Source data ->
-- Opening Marker --
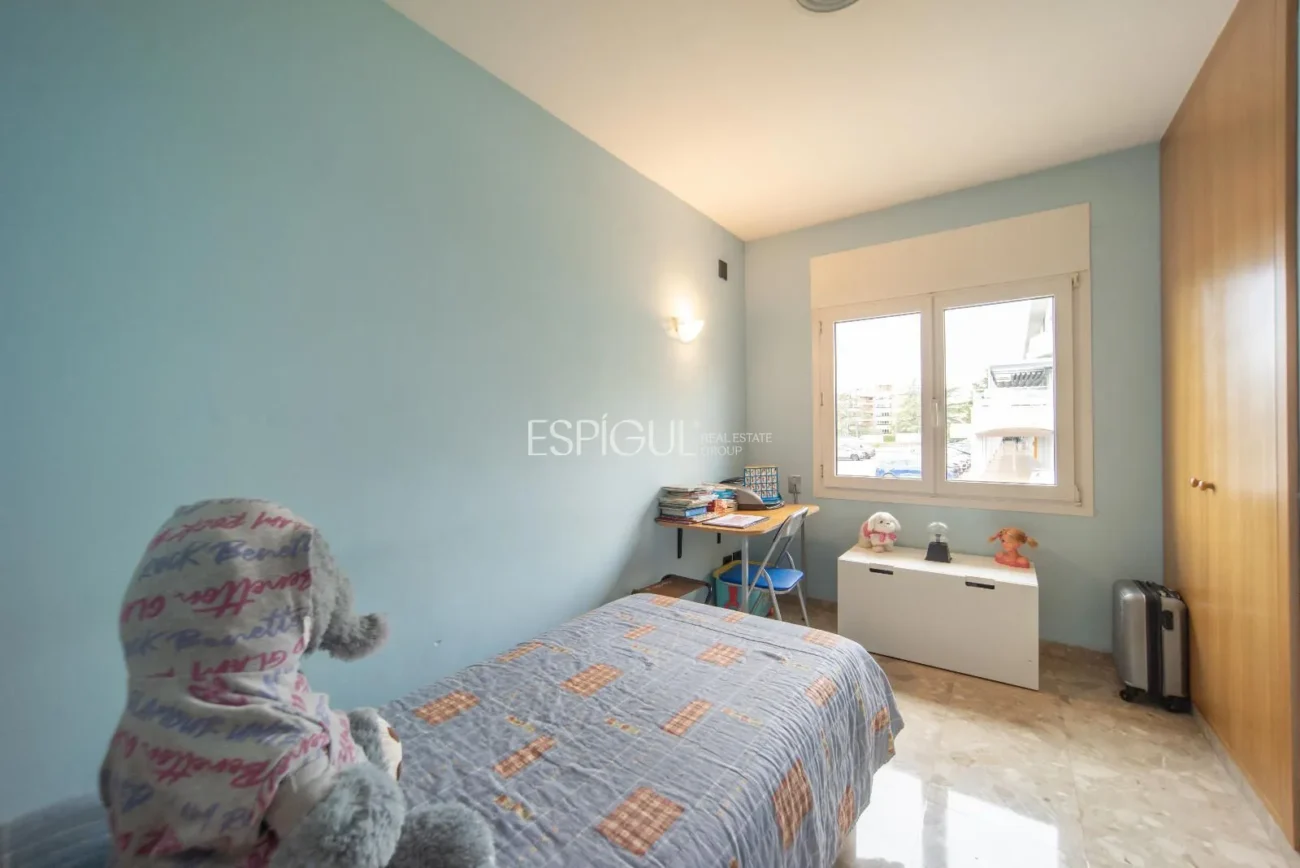 Casa de cuatro habitaciones, piscina y gran terreno en Montjuïc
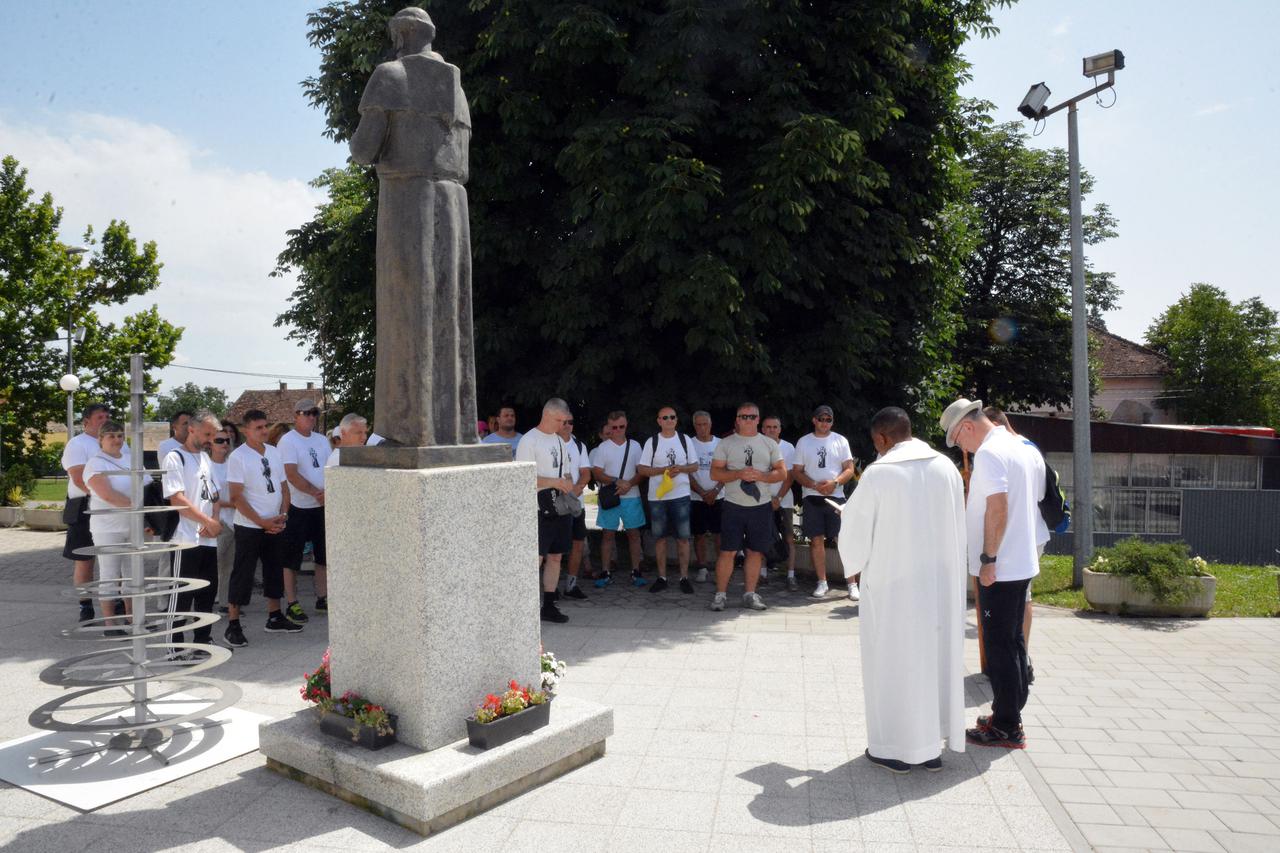 Hodočašće od Podvinja do župe Gornja Močila u sklopu Dana sv. Ante Padovanskog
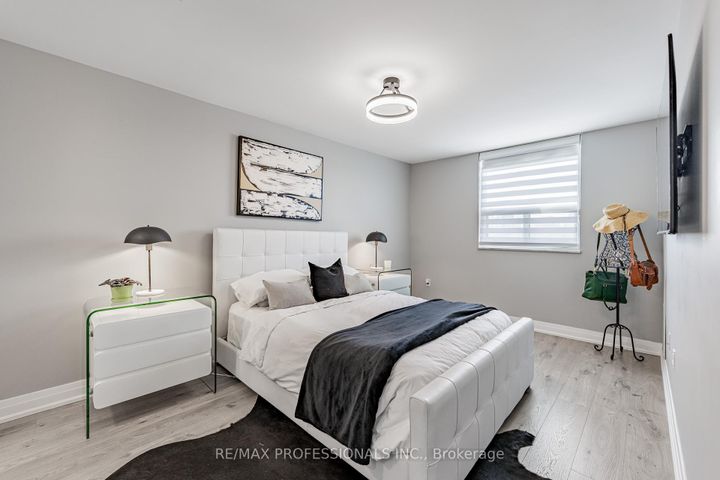 Photo 17 at 701 - 355 Rathburn Road E, Rathwood, Mississauga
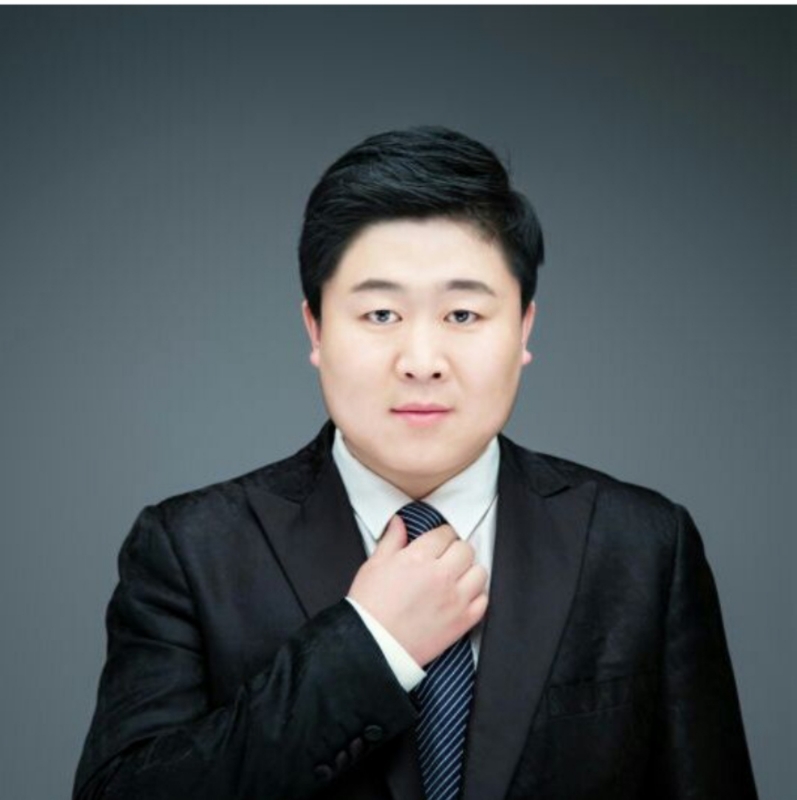 迷途小书童的第一张照片--唐山相亲服务中心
-- Closing Marker --
Exercise goal ->
No pictures go in the copy. Output exactly the lines from the line containing "Hodočašće od Podvinja" through the end of the listing above.

Expected answer ->
 Hodočašće od Podvinja do župe Gornja Močila u sklopu Dana sv. Ante Padovanskog
 Photo 17 at 701 - 355 Rathburn Road E, Rathwood, Mississauga
 迷途小书童的第一张照片--唐山相亲服务中心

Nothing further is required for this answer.